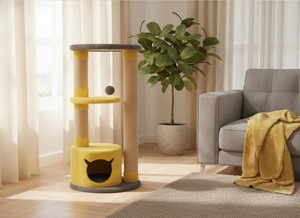 Arbre à chat Amistar Classic Rustic en bois avec design écologique, construction durable et emballage en carton pour les explorateurs félines audacieux - Product Image 5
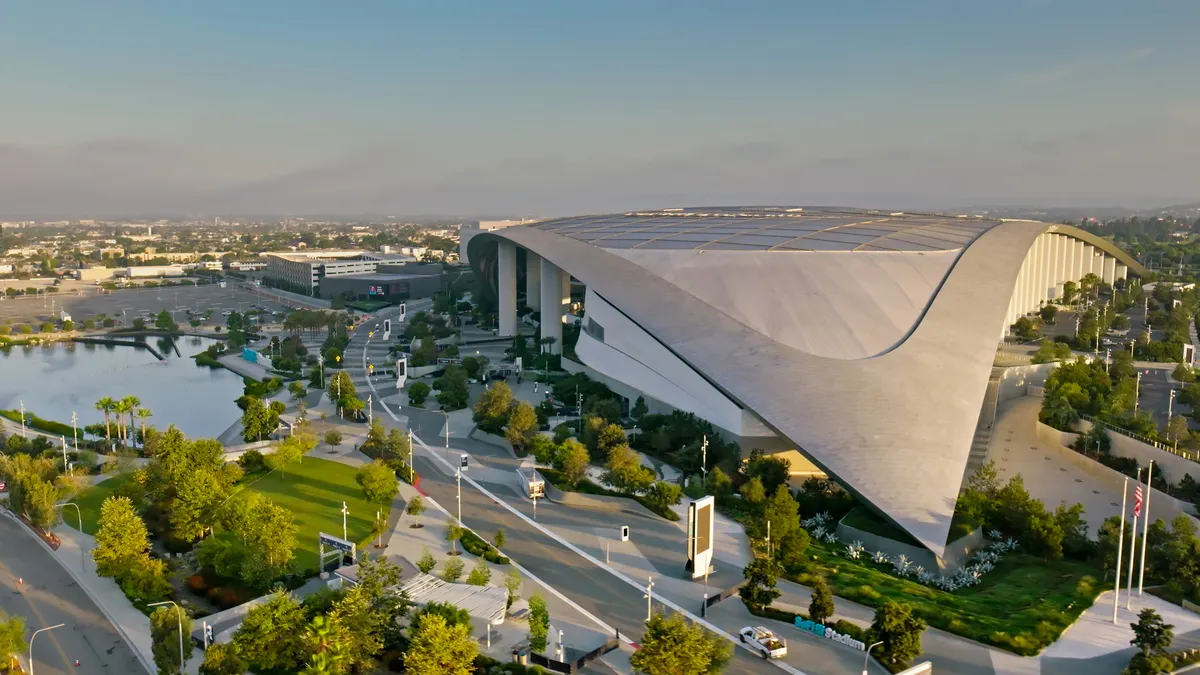 The exterior of Los Angeles' SoFi Stadium.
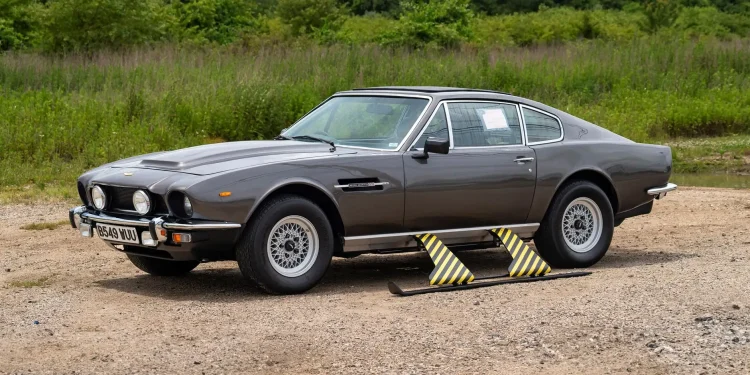 James Bond's 1973 Aston Martin V8 movie car front three quarter view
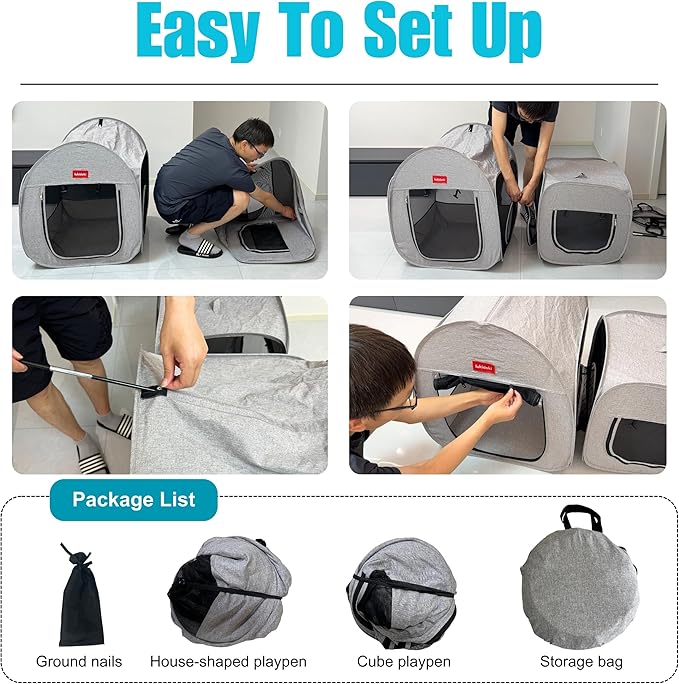 Portable Cat Playpen, Pop-up 2-in-1 Crate Playpen with Litter Box Area for Travel Indoor Outdoor, Foldable Pet Playpen Enclosed for Kitten Puppy Rabbit Hamster Small Animals
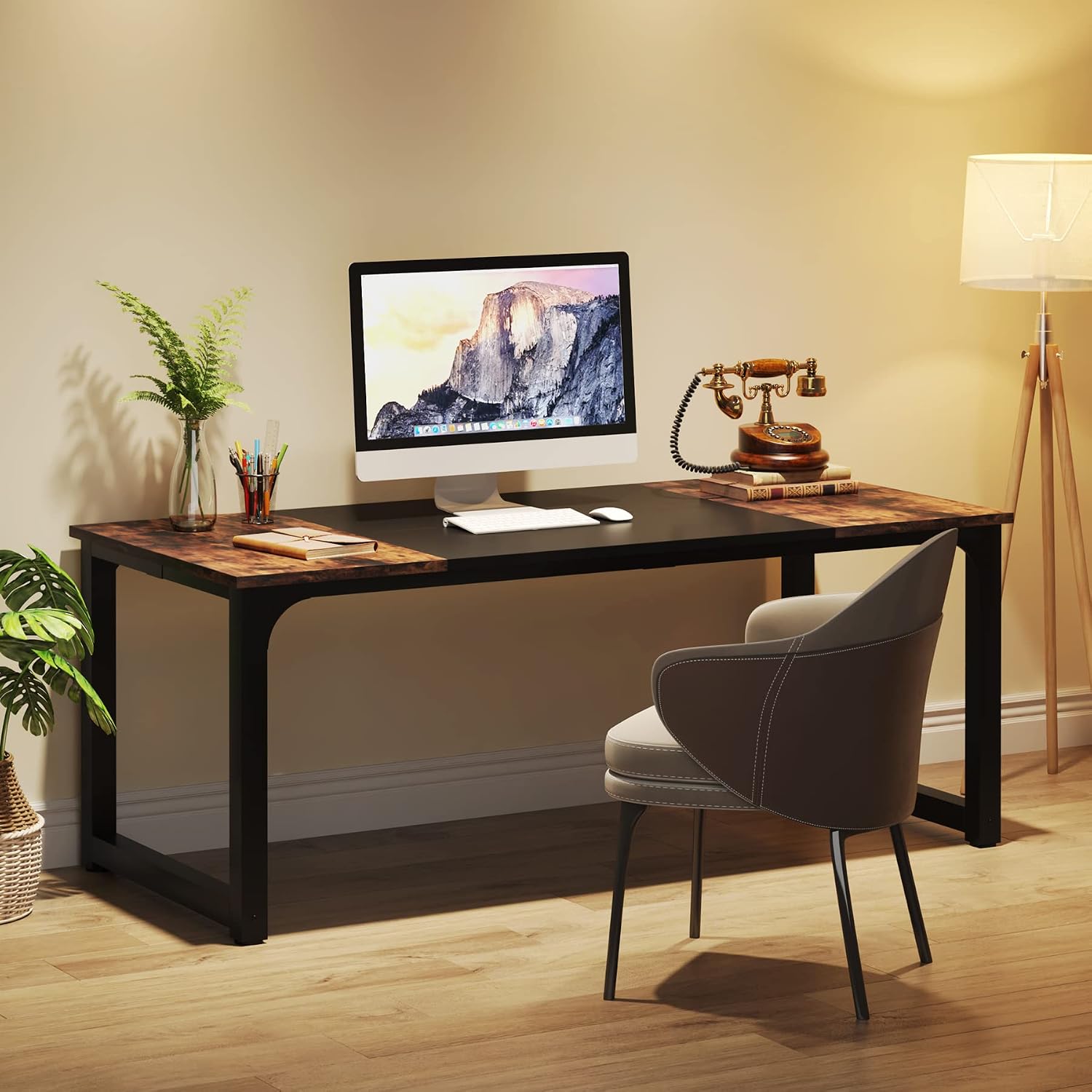 Rustic Industrial Executive Desk - Hình 2
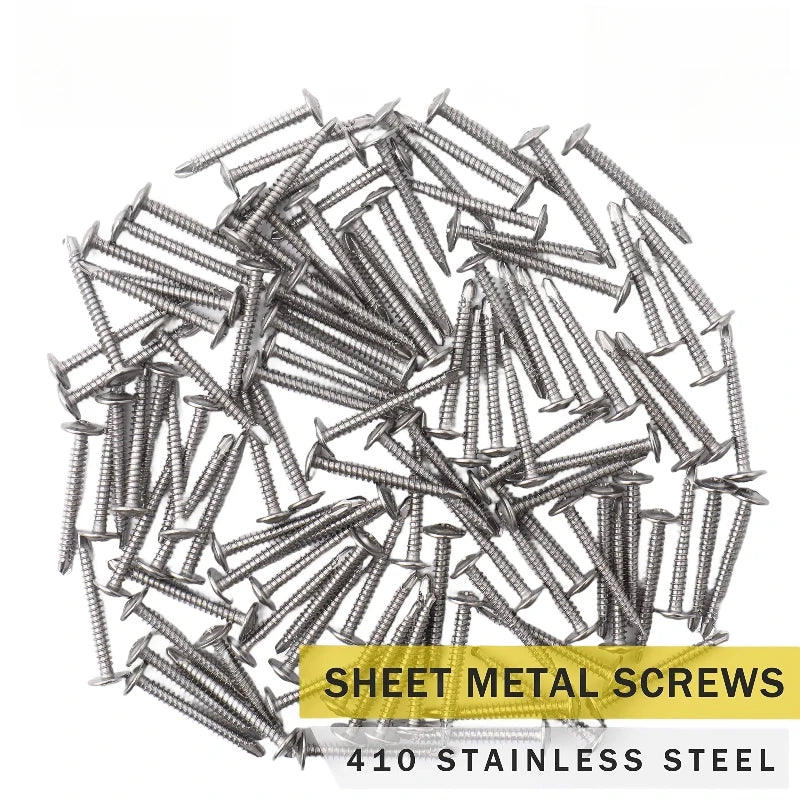 100pcs 410 Stainless Steel Truss Head Self-Tapping Screws - Durable...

WHAT IS EXPECTED – Before answering, please find the line containing "Portable Cat Playpen, Pop-up" above, then copy exactly from it through the last line of the entries, both included, without pictures.

OUTPUT OF THE EXERCISE –
 Portable Cat Playpen, Pop-up 2-in-1 Crate Playpen with Litter Box Area for Travel Indoor Outdoor, Foldable Pet Playpen Enclosed for Kitten Puppy Rabbit Hamster Small Animals
 Rustic Industrial Executive Desk - Hình 2
 100pcs 410 Stainless Steel Truss Head Self-Tapping Screws - Durable...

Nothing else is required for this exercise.